J'habite aux Résidences Chocolat, et bientôt aux Flamboyants, imaginées par Koffi & Diabaté et en voie d'achèvement. Vous le savez, l'architecte est avant tout un organisateur social... Nous organisons même des apéritifs entre voisins pour discuter, notamment pour évoquer les problèmes de la résidence... Par exemple, lorsque nous avons conçu Chocolat, nous avons prévu une grande terrasse pour que les enfants puissent jouer. Cependant, nous n'imaginions pas que la population de la résidence n'aurait pas d'enfants en bas âge... L'espace est vide, pas un seul enfant ne pleure ! Nous réfléchissons donc à votre conversion.
Nous sommes face à une société, et une population, en pleine mutation. Les jeunes couples vivent à l’ère de la mondialisation. Il faut proposer des espaces connectés et cela influence tout : le mode de vie, la façon dont nous… La cuisine, qui était autrefois le cœur de la maison en Afrique, est aujourd'hui réduite à un filet d'eau. Les gens ne vont plus manger à la maison le midi, ils mangent du foutou avec livraison. L'architecte doit accompagner ce changement, et c'est une lourde responsabilité. Premièrement, nous produisons une architecture pour que les gens s’y sentent bien.

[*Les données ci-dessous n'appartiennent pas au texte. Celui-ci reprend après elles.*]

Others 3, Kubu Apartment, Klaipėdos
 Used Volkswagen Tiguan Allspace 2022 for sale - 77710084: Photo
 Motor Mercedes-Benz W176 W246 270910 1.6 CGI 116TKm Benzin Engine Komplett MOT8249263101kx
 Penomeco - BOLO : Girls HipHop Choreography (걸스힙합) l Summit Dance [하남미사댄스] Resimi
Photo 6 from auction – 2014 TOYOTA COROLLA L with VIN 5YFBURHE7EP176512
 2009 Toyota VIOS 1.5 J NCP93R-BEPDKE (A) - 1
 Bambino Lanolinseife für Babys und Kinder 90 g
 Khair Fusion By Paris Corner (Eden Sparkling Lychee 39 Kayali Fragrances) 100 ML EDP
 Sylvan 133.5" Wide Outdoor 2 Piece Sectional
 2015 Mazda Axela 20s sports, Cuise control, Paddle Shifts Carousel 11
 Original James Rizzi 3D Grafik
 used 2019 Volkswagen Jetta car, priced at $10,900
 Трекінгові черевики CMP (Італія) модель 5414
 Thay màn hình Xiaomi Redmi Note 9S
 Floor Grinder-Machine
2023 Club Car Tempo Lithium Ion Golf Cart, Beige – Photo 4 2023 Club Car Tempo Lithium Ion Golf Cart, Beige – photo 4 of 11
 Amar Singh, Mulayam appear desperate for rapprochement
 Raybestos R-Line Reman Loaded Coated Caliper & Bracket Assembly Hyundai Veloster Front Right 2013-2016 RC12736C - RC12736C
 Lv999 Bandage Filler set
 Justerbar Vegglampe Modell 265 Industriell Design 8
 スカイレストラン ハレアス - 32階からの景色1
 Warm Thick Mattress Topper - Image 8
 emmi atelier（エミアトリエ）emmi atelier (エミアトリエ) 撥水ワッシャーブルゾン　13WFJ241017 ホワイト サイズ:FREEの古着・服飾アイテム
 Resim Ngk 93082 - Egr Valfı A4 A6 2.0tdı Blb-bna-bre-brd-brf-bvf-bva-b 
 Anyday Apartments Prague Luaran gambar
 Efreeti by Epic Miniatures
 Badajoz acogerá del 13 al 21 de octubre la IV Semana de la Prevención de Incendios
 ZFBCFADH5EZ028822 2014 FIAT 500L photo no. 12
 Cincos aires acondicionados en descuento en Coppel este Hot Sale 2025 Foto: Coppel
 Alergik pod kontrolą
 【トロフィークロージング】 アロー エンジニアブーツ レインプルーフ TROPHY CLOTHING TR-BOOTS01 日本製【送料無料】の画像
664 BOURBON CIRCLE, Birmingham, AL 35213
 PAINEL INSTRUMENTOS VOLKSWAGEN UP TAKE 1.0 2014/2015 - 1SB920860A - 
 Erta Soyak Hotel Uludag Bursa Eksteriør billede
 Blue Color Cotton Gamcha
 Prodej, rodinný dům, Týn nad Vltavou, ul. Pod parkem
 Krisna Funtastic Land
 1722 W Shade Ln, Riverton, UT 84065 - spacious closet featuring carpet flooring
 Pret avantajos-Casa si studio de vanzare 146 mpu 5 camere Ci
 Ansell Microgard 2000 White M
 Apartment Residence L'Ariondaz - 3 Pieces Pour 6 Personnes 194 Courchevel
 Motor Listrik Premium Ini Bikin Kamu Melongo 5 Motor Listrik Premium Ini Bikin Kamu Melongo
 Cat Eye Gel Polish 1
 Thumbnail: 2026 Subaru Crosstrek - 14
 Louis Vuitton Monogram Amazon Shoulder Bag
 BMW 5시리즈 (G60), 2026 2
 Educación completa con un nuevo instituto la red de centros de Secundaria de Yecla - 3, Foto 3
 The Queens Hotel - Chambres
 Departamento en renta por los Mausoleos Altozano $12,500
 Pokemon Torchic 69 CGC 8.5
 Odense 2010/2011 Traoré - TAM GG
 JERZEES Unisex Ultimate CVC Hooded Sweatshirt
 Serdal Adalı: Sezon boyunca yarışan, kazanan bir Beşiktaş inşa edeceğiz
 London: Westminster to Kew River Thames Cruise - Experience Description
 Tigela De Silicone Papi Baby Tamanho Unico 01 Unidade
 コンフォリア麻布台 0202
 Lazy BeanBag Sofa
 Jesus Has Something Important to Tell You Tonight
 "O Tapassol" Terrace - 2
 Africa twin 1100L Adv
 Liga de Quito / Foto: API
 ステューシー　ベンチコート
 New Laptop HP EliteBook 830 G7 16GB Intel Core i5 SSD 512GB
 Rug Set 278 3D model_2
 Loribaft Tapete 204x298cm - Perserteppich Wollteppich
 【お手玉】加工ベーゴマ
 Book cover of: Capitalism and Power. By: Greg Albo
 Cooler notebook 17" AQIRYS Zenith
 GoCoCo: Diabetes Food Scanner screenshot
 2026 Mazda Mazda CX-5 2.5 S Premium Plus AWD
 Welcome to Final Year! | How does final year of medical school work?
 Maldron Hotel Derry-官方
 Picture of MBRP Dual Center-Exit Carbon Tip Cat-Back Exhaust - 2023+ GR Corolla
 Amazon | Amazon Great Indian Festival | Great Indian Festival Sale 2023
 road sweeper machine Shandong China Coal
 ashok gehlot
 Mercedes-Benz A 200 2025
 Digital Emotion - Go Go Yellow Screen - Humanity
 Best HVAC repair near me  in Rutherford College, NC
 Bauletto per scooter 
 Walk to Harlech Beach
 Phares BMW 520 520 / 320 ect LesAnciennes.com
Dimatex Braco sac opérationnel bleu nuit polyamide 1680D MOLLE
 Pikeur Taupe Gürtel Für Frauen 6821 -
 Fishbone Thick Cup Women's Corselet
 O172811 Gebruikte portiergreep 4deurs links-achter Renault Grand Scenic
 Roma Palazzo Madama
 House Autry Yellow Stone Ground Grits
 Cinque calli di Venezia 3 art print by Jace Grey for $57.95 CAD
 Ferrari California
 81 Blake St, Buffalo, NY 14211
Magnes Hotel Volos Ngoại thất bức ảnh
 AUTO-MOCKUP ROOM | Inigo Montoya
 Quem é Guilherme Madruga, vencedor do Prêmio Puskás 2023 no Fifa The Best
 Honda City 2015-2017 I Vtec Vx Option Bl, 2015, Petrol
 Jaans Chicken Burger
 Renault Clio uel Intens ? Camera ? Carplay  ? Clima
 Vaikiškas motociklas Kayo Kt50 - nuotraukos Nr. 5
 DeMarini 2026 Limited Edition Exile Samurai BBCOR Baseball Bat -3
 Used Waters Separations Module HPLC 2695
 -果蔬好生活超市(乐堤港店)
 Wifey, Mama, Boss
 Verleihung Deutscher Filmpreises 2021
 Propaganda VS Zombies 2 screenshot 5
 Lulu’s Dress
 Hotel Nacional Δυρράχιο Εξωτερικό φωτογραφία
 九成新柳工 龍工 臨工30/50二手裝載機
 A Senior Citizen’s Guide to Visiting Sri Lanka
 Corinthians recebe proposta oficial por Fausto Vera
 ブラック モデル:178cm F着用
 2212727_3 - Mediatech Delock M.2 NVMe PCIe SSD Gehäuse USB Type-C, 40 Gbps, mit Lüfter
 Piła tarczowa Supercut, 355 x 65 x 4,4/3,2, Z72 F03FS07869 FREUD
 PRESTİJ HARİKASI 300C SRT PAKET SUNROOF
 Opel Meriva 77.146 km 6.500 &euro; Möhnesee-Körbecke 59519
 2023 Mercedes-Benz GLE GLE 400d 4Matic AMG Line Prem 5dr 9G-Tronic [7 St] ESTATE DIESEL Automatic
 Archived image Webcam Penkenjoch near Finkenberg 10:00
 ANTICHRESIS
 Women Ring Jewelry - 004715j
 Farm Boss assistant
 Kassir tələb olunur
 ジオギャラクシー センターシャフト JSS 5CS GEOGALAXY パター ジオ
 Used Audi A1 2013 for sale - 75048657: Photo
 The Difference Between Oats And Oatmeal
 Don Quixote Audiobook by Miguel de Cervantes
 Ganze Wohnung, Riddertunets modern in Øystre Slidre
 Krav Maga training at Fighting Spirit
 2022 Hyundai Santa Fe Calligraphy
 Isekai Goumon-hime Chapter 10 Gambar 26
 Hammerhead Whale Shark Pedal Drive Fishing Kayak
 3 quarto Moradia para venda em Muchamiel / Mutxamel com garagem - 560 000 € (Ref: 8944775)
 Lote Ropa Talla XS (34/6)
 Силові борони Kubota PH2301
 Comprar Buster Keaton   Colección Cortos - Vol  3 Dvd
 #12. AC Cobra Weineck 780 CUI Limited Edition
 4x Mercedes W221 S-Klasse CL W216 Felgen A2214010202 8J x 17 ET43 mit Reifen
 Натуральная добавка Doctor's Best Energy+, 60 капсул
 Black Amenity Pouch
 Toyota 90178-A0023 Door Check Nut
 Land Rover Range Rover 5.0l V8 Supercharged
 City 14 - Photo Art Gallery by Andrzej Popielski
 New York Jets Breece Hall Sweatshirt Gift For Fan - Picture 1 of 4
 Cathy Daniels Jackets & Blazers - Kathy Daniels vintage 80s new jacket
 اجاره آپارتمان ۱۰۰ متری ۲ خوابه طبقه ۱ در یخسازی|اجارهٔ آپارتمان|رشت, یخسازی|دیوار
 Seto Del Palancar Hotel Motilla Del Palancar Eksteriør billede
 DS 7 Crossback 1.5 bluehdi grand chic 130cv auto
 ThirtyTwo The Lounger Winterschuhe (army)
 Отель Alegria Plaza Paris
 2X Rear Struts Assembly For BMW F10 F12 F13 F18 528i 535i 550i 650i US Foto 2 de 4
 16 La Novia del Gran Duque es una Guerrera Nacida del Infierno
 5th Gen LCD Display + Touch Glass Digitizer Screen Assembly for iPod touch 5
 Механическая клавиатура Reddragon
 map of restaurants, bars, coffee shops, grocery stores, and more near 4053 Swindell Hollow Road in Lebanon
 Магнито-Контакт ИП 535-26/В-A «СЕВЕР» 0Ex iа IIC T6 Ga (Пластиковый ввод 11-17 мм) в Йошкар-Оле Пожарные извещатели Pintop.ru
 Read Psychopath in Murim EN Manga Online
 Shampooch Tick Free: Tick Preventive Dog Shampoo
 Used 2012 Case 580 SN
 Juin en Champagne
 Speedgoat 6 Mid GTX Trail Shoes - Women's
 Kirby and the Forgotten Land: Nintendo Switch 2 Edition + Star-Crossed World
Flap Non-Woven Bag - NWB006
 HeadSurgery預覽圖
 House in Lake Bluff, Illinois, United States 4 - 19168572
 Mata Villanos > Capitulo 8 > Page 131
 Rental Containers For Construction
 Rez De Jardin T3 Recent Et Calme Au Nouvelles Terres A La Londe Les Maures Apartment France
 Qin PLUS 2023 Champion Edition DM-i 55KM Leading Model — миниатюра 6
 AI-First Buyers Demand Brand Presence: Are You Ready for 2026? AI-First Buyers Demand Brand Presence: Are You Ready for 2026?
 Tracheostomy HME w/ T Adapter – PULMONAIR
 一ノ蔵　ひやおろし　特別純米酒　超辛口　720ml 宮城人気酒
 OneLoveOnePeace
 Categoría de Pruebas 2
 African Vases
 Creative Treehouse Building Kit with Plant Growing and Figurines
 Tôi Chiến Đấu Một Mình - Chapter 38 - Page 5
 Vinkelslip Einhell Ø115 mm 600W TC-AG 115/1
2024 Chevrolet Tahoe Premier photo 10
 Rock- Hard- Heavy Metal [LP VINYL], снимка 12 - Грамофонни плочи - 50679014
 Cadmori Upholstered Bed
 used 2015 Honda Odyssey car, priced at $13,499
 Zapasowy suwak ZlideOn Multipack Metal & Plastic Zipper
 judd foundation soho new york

Grâce à des agences comme la vôtre, Abidjan ne redeviendra-t-elle pas la capitale de l'architecture moderne en Afrique ?
J'espère que nous contribuons à écrire cette page de l'architecture ivoirienne. Nous n'avons toujours pas de commandes en provenance d'autres continents mais nous espérons qu'elles arriveront... Les architectes africains basés en Afrique ne bénéficient malheureusement pas de la même publicité que les architectes africains basés en Europe... Cela ne m'empêche pas de saluer le chanteur pour son travail remarquable, qui favorise l'émulation des jeunes architectes et crée des vocations. Ils nous rendent tolérants. Pour l'instant, nous nous concentrons sur un Production locale.